Project epigrapher and co-author David Stuart of the University of Texas at Austin said the mathematics reflects Sak Tahn Waax’s distinctive way of connecting several repeating cycles of time.

“The math involves his unique understanding of connections and patterns between several cycles of time, including the 260-day ritual day-count, the solar year, as well as the cycles of Venus and Mars,” Stuart said.

The researchers say this represents a creative mathematical interpretation rather than a simple repetition of established formulas, revealing individual scientific reasoning within Maya astronomy.

Mathematics at the center of Maya society

During the Classic Maya period, astronomy and mathematics were woven into nearly every aspect of political and ceremonial life.

Complex calculations based on calendar dates and observations of celestial bodies influenced decisions ranging from the construction of monuments to the inauguration of kings and queens.
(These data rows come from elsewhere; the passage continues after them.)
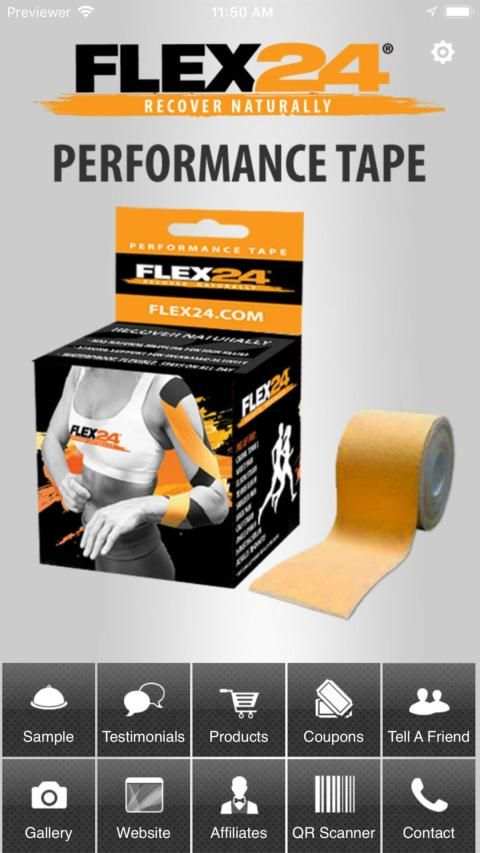 FLEX24 screenshot 9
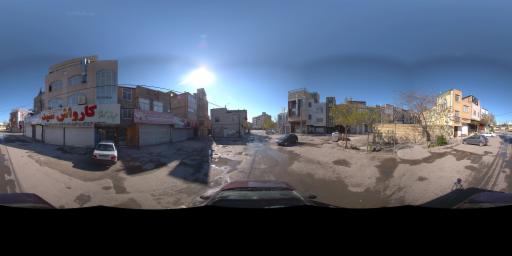 street view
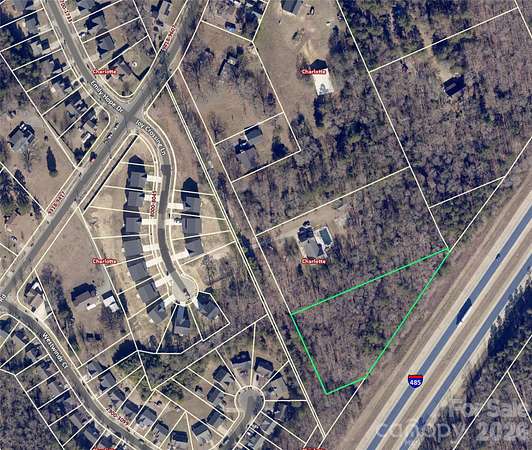 1.74 Acres of Residential Land for Sale in Charlotte, North Carolina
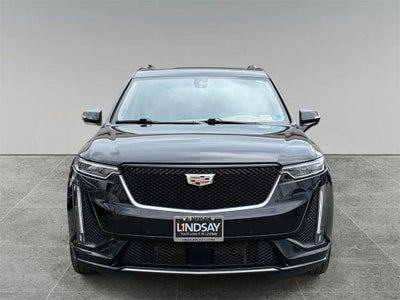 2021 Cadillac XT6 Sport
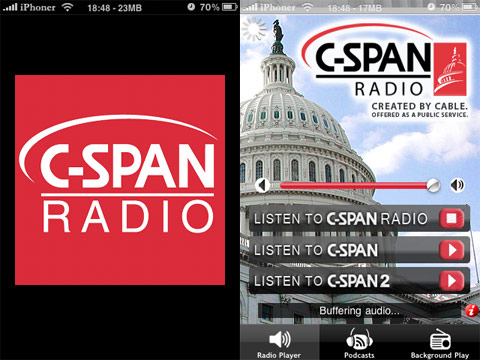 C-Span-Radio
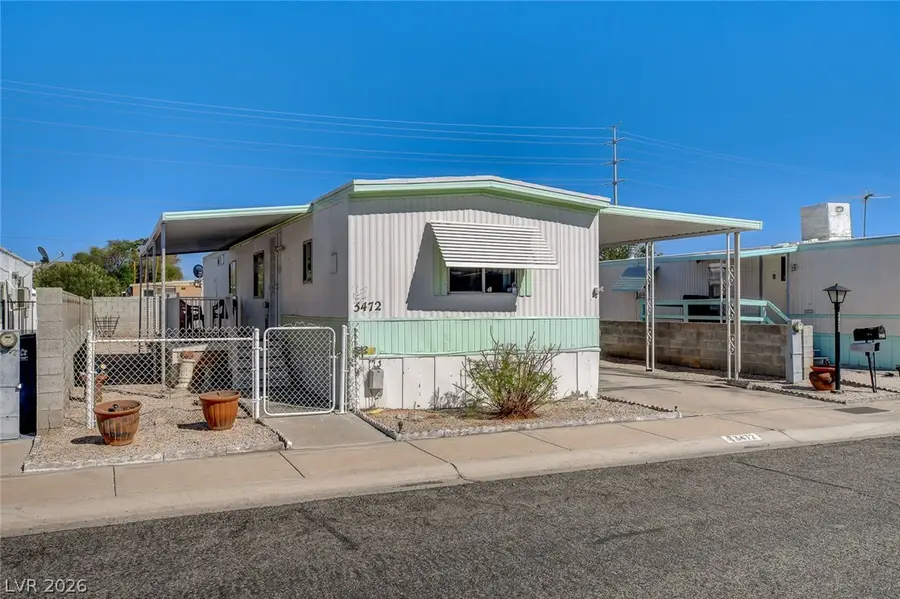 3472 Katmai Drive, Las Vegas, NV 89122 - #3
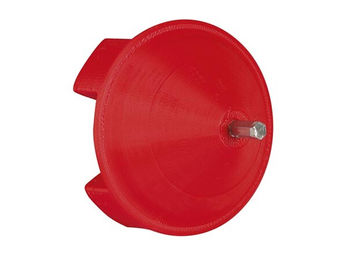 Corral Easy-Drill Aufrolladapter für 44270 und 441270 aus Kunststoff in Rot – Bild 1 von 1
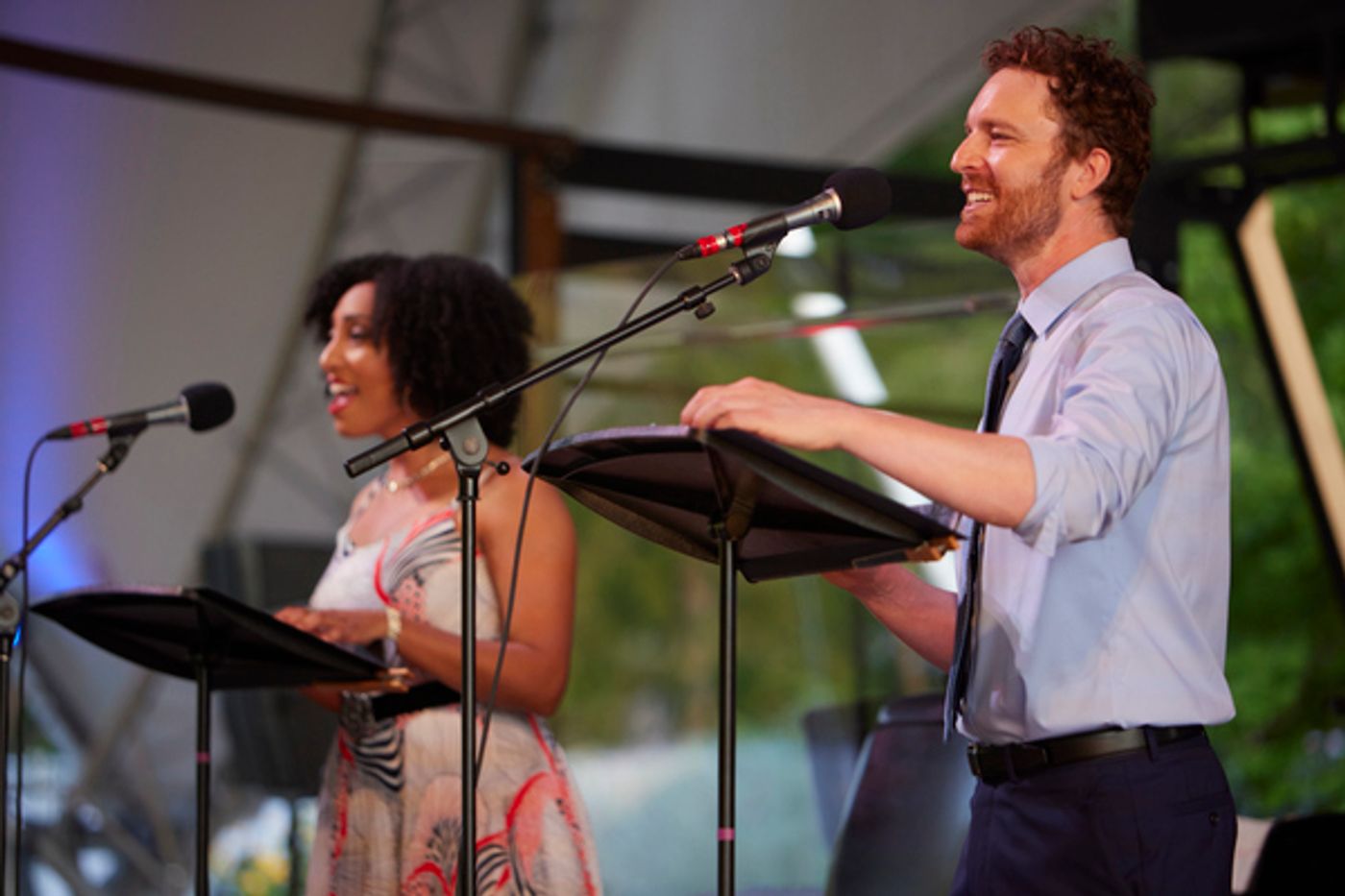 Photos: YOU CAN'T STOP THE BEAT Opens at Stratford Festival  Image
Maintaining these systems required specialists capable of tracking multiple recurring cycles with remarkable precision.

The newly reconstructed inscriptions provide rare evidence of how those specialists worked, capturing calculations that appear to have been part of an active scholarly process rather than finished public records.

Instead of revealing only the final products of Maya science, the Xultun texts expose some of the thinking that produced them.

A broader view of ancient scientific traditions

The discovery also reshapes how historians understand the place of Indigenous American scholarship within the broader history of science.

Rossi noted that scholars in ancient India, Iraq, China, and Greece are often remembered as individual thinkers who calculated planetary motions, predicted eclipses, and studied celestial cycles.

“Contemporaries of the ancient world in India, Iraq, China and Greece were similarly calculating solar and planetary cycles, predicting eclipses, and charting star progressions, their achievements often ascribed to individual thinkers,” Rossi said.

“We can now add Sak Tahn Waax to such thinkers, highlighting the great Indigenous astronomy and calendrical traditions of the Americas.”

By attaching a name to a sophisticated mathematical system, the Xultun inscriptions shift the historical narrative from anonymous achievement to individual intellectual accomplishment.

The work offers a rare window into the scientific creativity of an eighth-century Maya scholar whose ideas survived for more than a thousand years, hidden in faint markings on a plaster wall until modern imaging techniques brought them back into view.